Harley e a camisa de força da tradição

Desde que Willie G. salvou a Harley Davidson, ele e seu departamento de marketing instauraram a ditadura da tradição. Ela dita o que é ou o que não é uma Harley, e como são as pessoas que andam nela.  Junto dela, veio um mito que não existia até então. Um mito tão enraizado entre a atual geração de proprietários, que ninguém mais ousa questionar, mesmo sem saber porque ele existe. Ele é repetido diversas vezes em conversas de moto, tanto para justificar quanto para criticar a postura da Harley. Você já o ouviu, e talvez até já o tenha repetido (como eu já fiz um dia):

“Harley e velocidade não combinam.”

Como diriam os americanos:

BULLSHIT.

O primeiro recorde da Harley foi em 1921, quando uma de suas motos manteve uma média de 160km/h em uma board track, em uma época onde os carros suavam para chegar aos 80km/h. Duas décadas depois, a Harley estipulou mais um recorde de velocidade, atingindo 219 km/h em Daytona Beach.

Nas arrancadas, HDs preparadas estão sempre entre as campeãs desde o final da segunda guerra mundial. Aliás, nessa mesma época surgiram as bobbers. Cansados de perder nas ruas para as motos britânicas, os americanos começaram a depenar suas motos, para poupar peso, além de preparar os motores.
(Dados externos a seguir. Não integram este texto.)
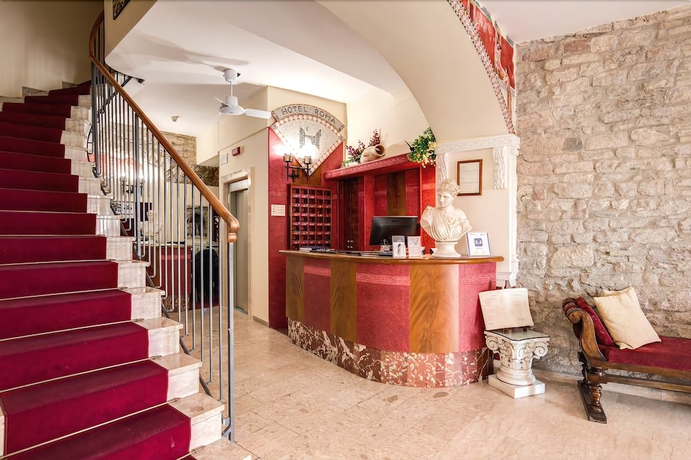 Imagen de los interiores del Hotel Roma, Asis. Foto 18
Eram os hot-rods das motos.

Nos anos 70, a Harley ganhou o título de moto mais rápida do mundo em Bonneville, acelerando a mais de 427km/h, um recorde que permanece até hoje para a categoria.
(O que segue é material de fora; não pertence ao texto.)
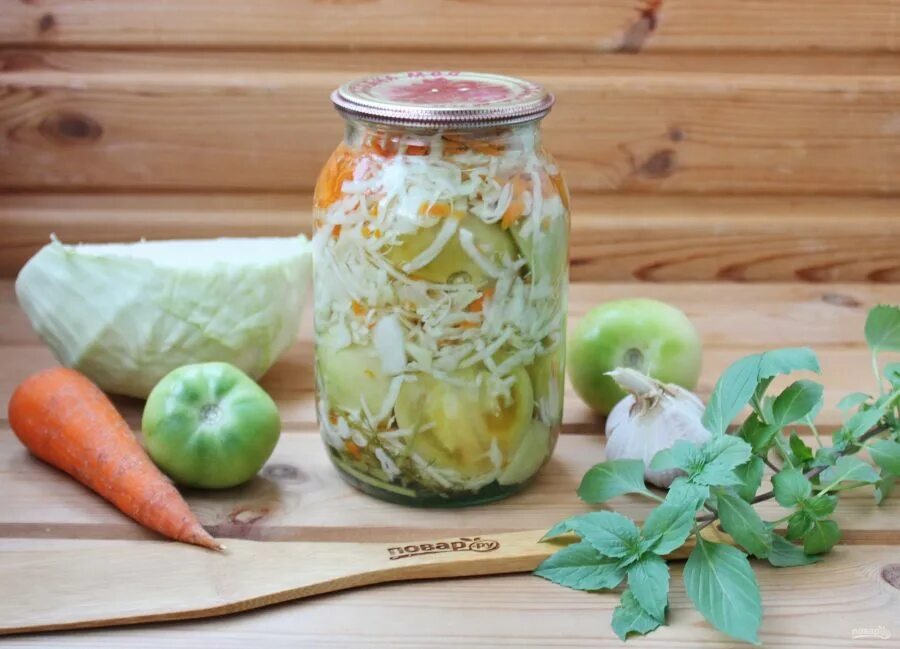 Заготовки на зиму из капусты лучшие рецепты. Квашеная капуста с зелеными помидорами в банке. капуста с зелеными помидорами на зиму. капуста с зелеными помидорами на зиму в банках. капуста квашеная с зелеными помидорами на зиму.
Em 1988, a Harley chegou a ter uma equipe de superbike, que competiu por mais de uma década com a VR1000. A equipe se tornou competitiva e conquistou vitórias no final dos anos 90, mas foi desativada logo em seguida.

Competições são uma excelente maneira de se desenvolver novos produtos e aperfeiçoar tecnologia. É lá que os engenheiros precisam se superar e romper limites, com novas idéias que serão aplicadas nos modelos de série. Mas hoje, a participação da Harley nas pistas se resume a copa XR1200 Vance and Hines, e aos times independentes de arrancada.

Mas se a Harley sempre teve tradição em competições, o que aconteceu?

Entram em cena, os anos 80.

Quando Willie G. e seu departamento de marketing salvaram a empresa da falência usando a imagem do motoqueiro fora da lei, eles decidiram apagar toda as outras tradições da marca e a substituíram pela deles. Pelo que eles acreditavam que o público aceitava como sendo uma “verdadeira” Harley. 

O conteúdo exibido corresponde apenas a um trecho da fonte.